We made our way along a relatively flat bit through some trees until we eventually arrived at a waiting shed right at the top of the amphitheatre where we sat and chilled for ages, just taking in the view and listening to Lisa. She told us that before Christianity the Ifugao people, much like the other tribes in the region, were pagans. It was a lot harder back then with the shamans running the show. They’d tell people there were evil spirits in the terraces or the rivers so everyone had to stay away until a ritual was performed and a pig sacrificed. They lived in constant fear of spirits everywhere, rituals were expensive, it’s much easier with Christianity. No one has to be scared of anything because God will protect them. Some of the old people are still pagans, they just aren’t allowed to do their rituals anymore.
It was only another 3km to Cambulo from here but Lisa wanted to take us to the highest viewpoint which should really have triggered all manner of alarm bells. We followed her along the track as she pointed out different plants including a leaf that they used to break open and use as glue when she was at school, and at one point she dug into the foliage and came out with a non-flowering orchid which she decided to take home. So off she went, swinging a left up a track with her umbrella in one hand to shelter her from the blazing sun and her new-found orchid in the other, a track which she negotiated with incredible ease in her flip-flops and we had to quite literally claw our way up with our hands, it was that steep. Oh my god. I thought I was going to die. When we finally made it to the top I thought my heart was about to crack a fucking rib. I gulped in as much air as I could before turning round to admire the view.
Again we just relaxed here for a while and Lisa told us about rice wine. You know those little long seeds that stick to your clothes as you hike along a trail and take half your life to remove one by one? It’s the root of this plant that her mother used to make the yeast for rice wine. To make the wine you fry glutinous rice without oil until it turns brown then you cool it in a banana leaf. Add the yeast you made from the root. Cover it with a banana leaf and just leave for three days it until it starts producing a liquid which you store in something called a banga or a tivong. You can even leave it for up to a week and the liquid gets less sweet and more alcoholic. She says the women prefer the three day product and the men like it stronger and children can eat the sweet rice that remains. There’s a liquor ban in Batad, you can only buy beer here, so the rice wine is only made for the people who work in the field. It’s also important if people are helping you build a house, you’re expected to provide food and rice wine but if you fail to provide the latter, it doesn’t matter how much food you lay on, you could provide a feast fit for fat royalty but people will still ask where the rice wine is.
Once our legs had recovered enough to grudgingly carry us the rest of the way we headed along a road where men were logging. Apparently they want to widen this road so locals have been tasked with removing the appropriate quantity of trees. Before we walked down into the village we chilled out in another waiting shed and scoffed a packed lunch and Lisa told us a bit about the culture surrounding weddings and funerals. She said one of the richest families slaughtered several pigs and a water buffalo for a wedding once, a sheer show of wealth. But an important celebration was the one you threw for sick or dying parents. If you failed to put on a party for them it’s considered pretty shameful and everyone will talk about you and your inability to care for your parents. Apparently if an infant dies a party is thrown for them too to celebrate all of the birthdays they would have had. Such a different world to the one we live in.

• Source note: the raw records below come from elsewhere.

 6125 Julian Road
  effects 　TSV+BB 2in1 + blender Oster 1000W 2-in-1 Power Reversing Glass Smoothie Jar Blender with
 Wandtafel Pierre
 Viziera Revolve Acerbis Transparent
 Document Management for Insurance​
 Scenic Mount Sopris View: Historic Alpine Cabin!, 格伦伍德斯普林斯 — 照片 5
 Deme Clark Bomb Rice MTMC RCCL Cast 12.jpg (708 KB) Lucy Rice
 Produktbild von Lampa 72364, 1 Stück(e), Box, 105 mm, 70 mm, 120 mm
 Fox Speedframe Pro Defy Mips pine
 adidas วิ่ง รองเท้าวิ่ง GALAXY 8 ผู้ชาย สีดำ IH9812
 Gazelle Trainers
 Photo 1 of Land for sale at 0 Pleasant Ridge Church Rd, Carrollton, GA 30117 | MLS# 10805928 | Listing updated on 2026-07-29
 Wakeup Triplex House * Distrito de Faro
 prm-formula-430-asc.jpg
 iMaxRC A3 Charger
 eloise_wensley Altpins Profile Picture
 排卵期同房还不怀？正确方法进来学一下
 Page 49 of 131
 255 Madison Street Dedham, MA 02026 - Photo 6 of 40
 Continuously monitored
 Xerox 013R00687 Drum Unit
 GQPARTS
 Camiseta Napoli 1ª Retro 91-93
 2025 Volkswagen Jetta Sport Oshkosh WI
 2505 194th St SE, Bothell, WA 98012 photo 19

The walk down to Cambulo from there is probably the least traumatic part of the walk. I savoured every footstep. No narrow terraces, no trails that had been washed away leaving a section so thin they made the walkways around the terraces look like the M25 so you have to literally place one foot directly in front of the other whilst hugging the wall and trying not to cry, no hills so steep they make your lungs feel like some bastard took a Black & Decker sander to them. We took another break in the village before heading back as Lisa told us about the rice harvest.
These days there’s only one a year but back in the day, when all anyone had to do was farm rice, there’d be two a year. Everyone helped everyone else, the entire thing would be planted in a week. If it wasn’t done by the end of Saturday everyone would come together to get it finished before Mass on the Sunday. These days it takes months and everyone plants at different times which upsets the government, they’d prefer everyone to plant together to keep the terraces the same colour.
As the rice grows it changes colour and when it’s finally ready the women harvest it, bundle it and, if they have an Ifugao house, they put it in the roof for drying. If they don’t they just leave it in the sun. The men only help with the harvest if they’ve left the Ifugao region and gone to work with a different tribe, or they’ll help harvest here if they woman of the house is too old or infirm. Apart from that the men carry shit and collect firewood. They probably had more use back in the day when there wasn’t a road and everything had to be carried in from the junction with the main road, a good couple of hours hike. Once the harvest is in the grass is left to dry then it’s trampled into the soil where it’ll rot and become fertiliser. Then the fields are planted again by the women and the process is repeated.
The future of Batad isn’t clear and the old people are worried. They think the younger generation are lazy, they don’t want to work in the fields, it’s too hard. They also have other choices these days, Lisa only has one terrace which will be left to her eldest, but she has four kids so she’s encouraging them to study and perhaps get jobs in Manila. The 2000 year old terraces are UNESCO so they’re hoping that maybe the government will step in to help. Who knows?
Things are very very different today. She pointed out terraces that have already been abandoned and once you know they’re there you can’t unsee them. It’s glaring, and you keep seeing more and more of them. It’d be a shame to see them deteriorate but who are we to dictate how the younger Ifugao people should live their lives? Why should they stay in Batad and give up their dreams and choices just so tourists can come and look at the fields? Of course it’s hugely important that heritage and culture is maintained but how do you do that when the world is changing so quickly?
We made it back to Rita’s by 3pm, just as the daily rains rolled in over Mount Amuyao and battered the terraces. It’s actually gorgeous to watch as long as you’re under shelter with a tasty cold beer. Germaine arranged for Lisa’s husband to porter our bags up the hill the following morning in time for the 9am public jeepney back to Banuae. He lifted each one and decided to charge us ₱150 each which is well worth it, my poor, out of shape carcass had taken a proper beating, he could have asked for three times that and my soul and I’d have signed it over. I promised myself a significant quantity of apology cake as soon as the opportunity arose.